Zülfü Livaneli’yi her zaman çok takdir ederim ve beğenirim. Yeni kitaplarını zaten kaçırmıyorum ve hatta eski yayınlarını da zamanla okuyacağım. Gelelim “Son Ada”ya…
Okunması çok keyifli, nispeten ince bir kitap. Yazım dili, tasvirler ve olaylar o kadar başarılı ki ben kendimi hemen adanın içinde buluverdim. Bu kitap “alegori” denilen bir edebi sanat ile yazılmış. “Alegori” nin tarifini yapmak çok da kolay değil ama anladığım kadarıyla “fiziksel olarak varolmayan duygu düşünce gibi kavramları duyuların algılayacağı biçimlere büründürerek anlatma” denebilir.

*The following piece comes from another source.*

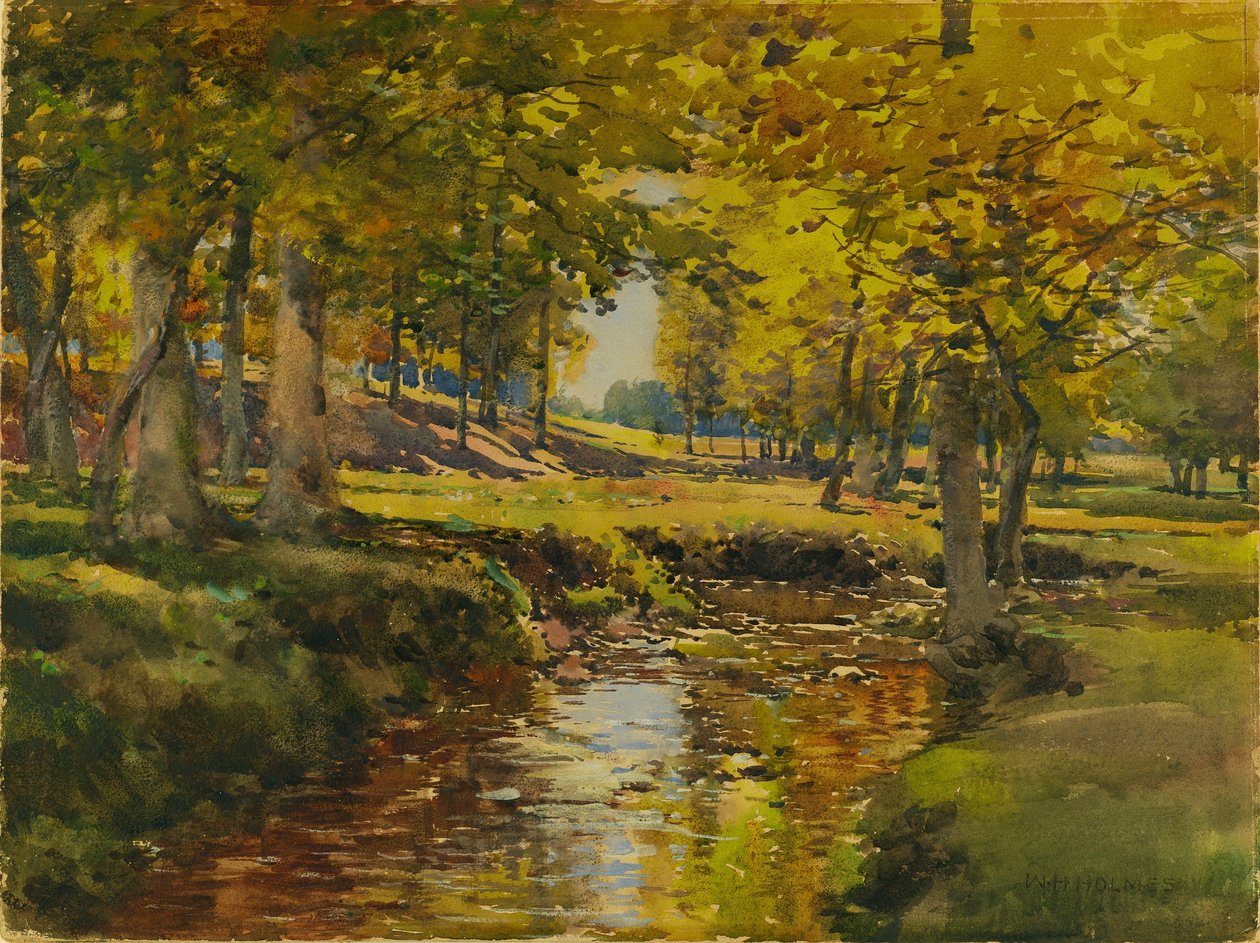Höst i ängens utkant av William Henry Holmes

Çok kısaca konu şöyle özetlenebilir; doğayla içiçe ve mutlu bir hayat süren 40 hanelik bir ada halkının, dikdatör kafalı birisinin adaya gelişiyle hayatlarının ne hale geldiğinin öyküsü…

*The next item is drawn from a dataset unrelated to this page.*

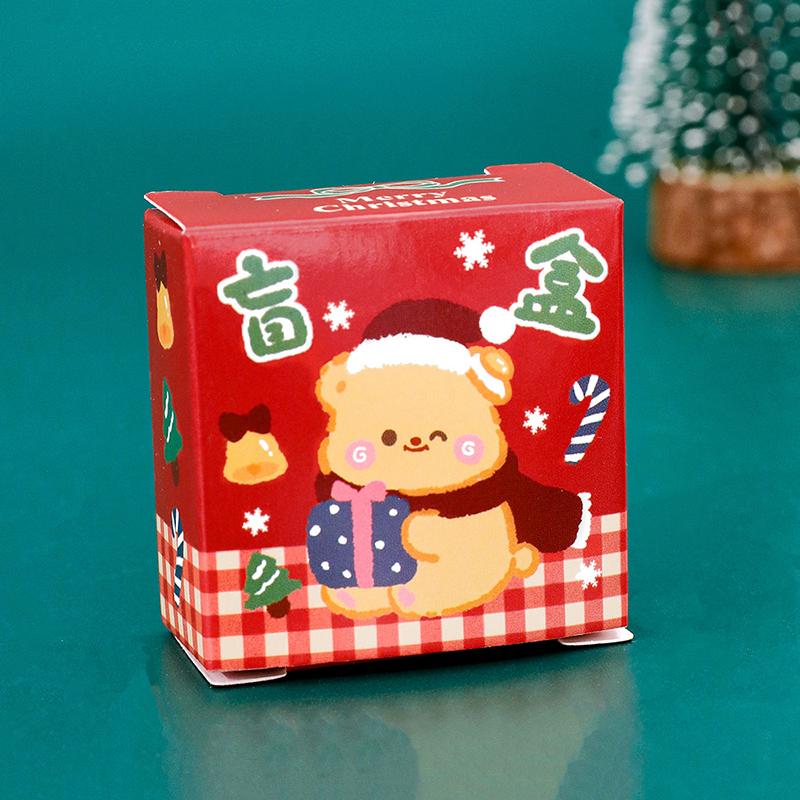 1/4 ks Vánoční slepý box klíčenka Roztomilá mini slepá krabička Vánoční DIY dekorace na batoh přívěsek Miniaturní klíčenka Dárkové překvapení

Ben özellikle anlatıcı ve Lara‘nın tanışmaları kısmından çok etkilendim. Sanki benim başıma gelmiş de ben aşık olmuşum gibi hissettim. Bu da Livaneli’nin ustalığından kaynaklanıyor elbette.
hemen okuyun bence!
Burçin Abi bu yazının üzerine hemen alıp okumayı düşünüyorum.:)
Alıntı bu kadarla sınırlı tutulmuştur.